The paper is organized as follows: Sect. 2 is devoted to the description of the statistical method and discusses the concepts of marginal probability distributions, importance score, and feature engineering, which are employed for the data analysis; in Sect. 3 we actualize the statistical method to the specific case of a square–octagon electronic system, defining the general form of the Hamiltonian; in Sect. 4 we discuss the results of the statistical study, iterating several processes of dimensional reductions of the feature space in order to reach a minimal description of the topological phases; finally, in Sect. 5 we summarize our findings.

2 Method

Within the framework of the statistical method introduced in Ref. [51], one can explore topological phases on an arbitrary lattice by considering fermionic tight-binding Hamiltonians of the following type

$$\begin{aligned} H =&\sum _i \epsilon _i c_i^\dagger c_i+ \sum _{i,j} t_{i,j} c_i^\dagger c_j. \end{aligned}$$
(1)

The two parts of the Hamiltonian consist of onsite potentials (\(\epsilon _i \in {\mathbb {R}}\)) and complex-valued hopping terms (\(t_{i,j} \in {\mathbb {C}}\)), respectively. The \(t_{i,j}\) hopping integrals are taken to be translationally invariant and assumed to vanish when the distance between sites i and j exceeds a certain (arbitrary) threshold. For this reason, we conveniently introduce the notation \(t^n_s\) for the various independent hopping terms, where n runs over all possible Euclidean distances \(R_n\), sorted in ascending order, and s is an index denoting the inequivalent bonds at distance n. The electronic filling of the system is fixed by successively filling a certain number of energy bands.

The independent onsite potentials and hopping parameters of the Hamiltonian are dubbed features and collected into the vector \(\vec {x}=(x_1,\dots ,x_{N_f})\), with \(N_f\) indicating the number of features. Within the statistical method, a certain choice of the entries of \(\vec {x}\) is referred to as sample and fully determines the electronic properties of the Hamiltonian. At a given filling, each sample can be characterized by the bandgap \(E_g\), which classifies samples into metals and insulators. If a sample is insulating, we can assign it a topological index, named label, which distinguishes trivial and topological samples. In the following, we choose the first Chern number C as label [53,54,55].
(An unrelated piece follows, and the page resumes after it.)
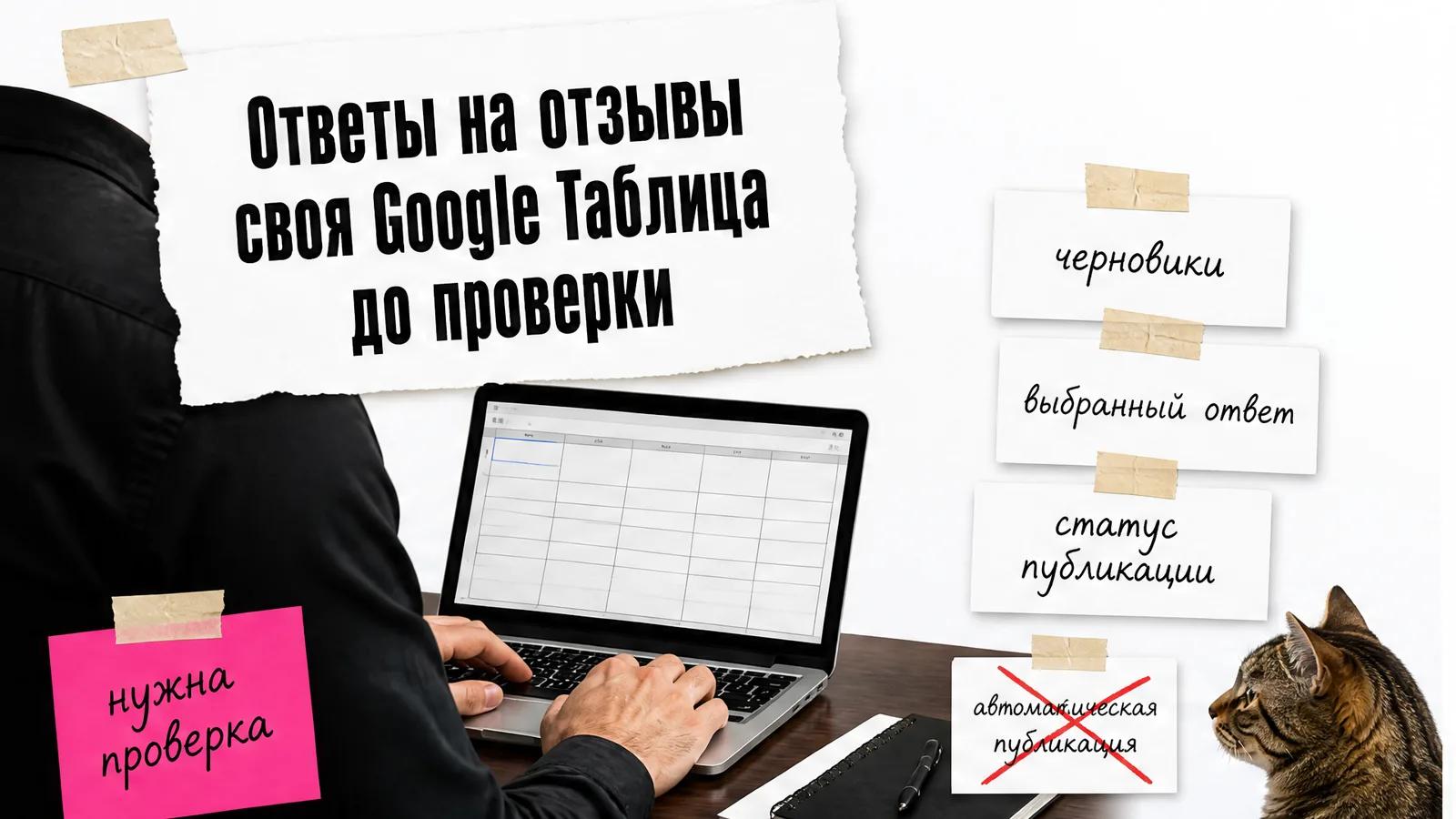 Рабочее место владельца стоматологии с таблицей отзывов и мужскими руками за ноутбуком.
For an unbiased statistical analysis of a particular lattice, we generate a large number of different samples, i.e., different tight-binding Hamiltonian. This can be done by randomly picking tight-binding parameters \(x_i\) according to a certain probability distribution function (PDF), e.g., a uniform or a Gaussian distribution. The generated data set is then analyzed by calculating the marginal probability distribution functions

$$\begin{aligned} p_C(x_i) = \int \dots \int \rho _C(\vec {x}) \prod _{j\ne i} \text {d} x_j \end{aligned}$$
(2)

for each feature \(x_i\) and label C. Here, \(\rho _C(\vec {x})\) is the bare PDF of all the insulating samples with Chern number C. Therewith, by inspecting the properties of the marginal PDFs \(p_C(x_i)\) of the various features \(x_i\), we can determine the feature values which are most descriptive for the phase with Chern number C. This allows us to identify, for example, which patterns of hopping parameters is associated to a certain topological phase.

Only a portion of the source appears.